In case you haven’t seen it already, the Daily Odd Compliment account on Tumblr is one of the greatest things that the internet has to offer.  It expresses genuine emotion through very weird ideas which, if we’re honest with ourselves, is often the most accurate way to do so.  Love is many things, but socially acceptable is not one of them.

In honour of this bizarre but brilliant concept, and as a sort-of sequel to this post about awesome attributes we all have, I would like to add a few of my own weird compliments.  Trust me, at least one of these applies to you.  Yes, you with the face.  These compliments will be things that your friends and loved ones definitely think about you, and hopefully things that you think about them, too.

  • You are the first person I call when I’ve embarrassed myself in public, partly because I know that you’ll make me feel better about it, but mainly because I like to make you laugh.

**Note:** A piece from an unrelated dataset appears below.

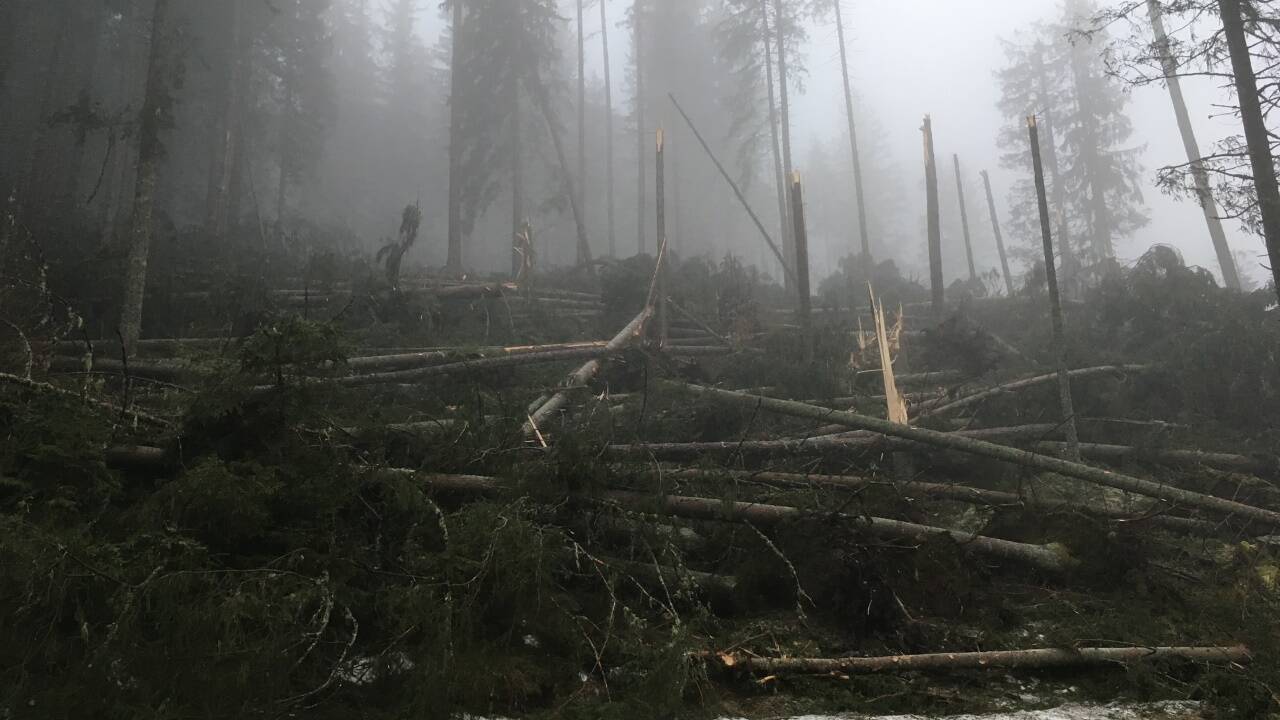 Windwurffläche nach Föhnsturm Yves, Dezember 2017, Forstrevier Gastein.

  • You are my first choice of wingman for crazy adventures.  I could call you and say “let’s go swing dancing!” and your response would probably be “Cool.  Flats or heels?”  I don’t know why you go along with my ridiculous schemes, but I’m glad that you do.

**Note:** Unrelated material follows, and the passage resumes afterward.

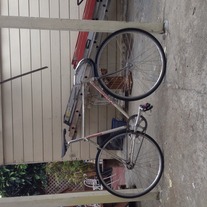 1985 Schwinn Madison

  • You are really witty on Facebook.
  • Your ability to text while walking baffles me, but it’s also pretty impressive.
  • You are way too good at coping with hangovers.  Seriously, I don’t understand how you didn’t get a letter from Hogwarts with a magical ability like that.
  • Your ability to psychically know when I need junk food has saved us both a lot of time over the years.
  • When the zombie apocalypse hits, I will let you be in charge of the plan.  Even if the plan involves holing up at the Winchester with your mum and your ex.
  • You remember my stupidly complex coffee order, and you don’t mock me for it.
  • The worst thing I can imagine is you not liking me anymore.  I genuinely feel a bit sick just thinking about it.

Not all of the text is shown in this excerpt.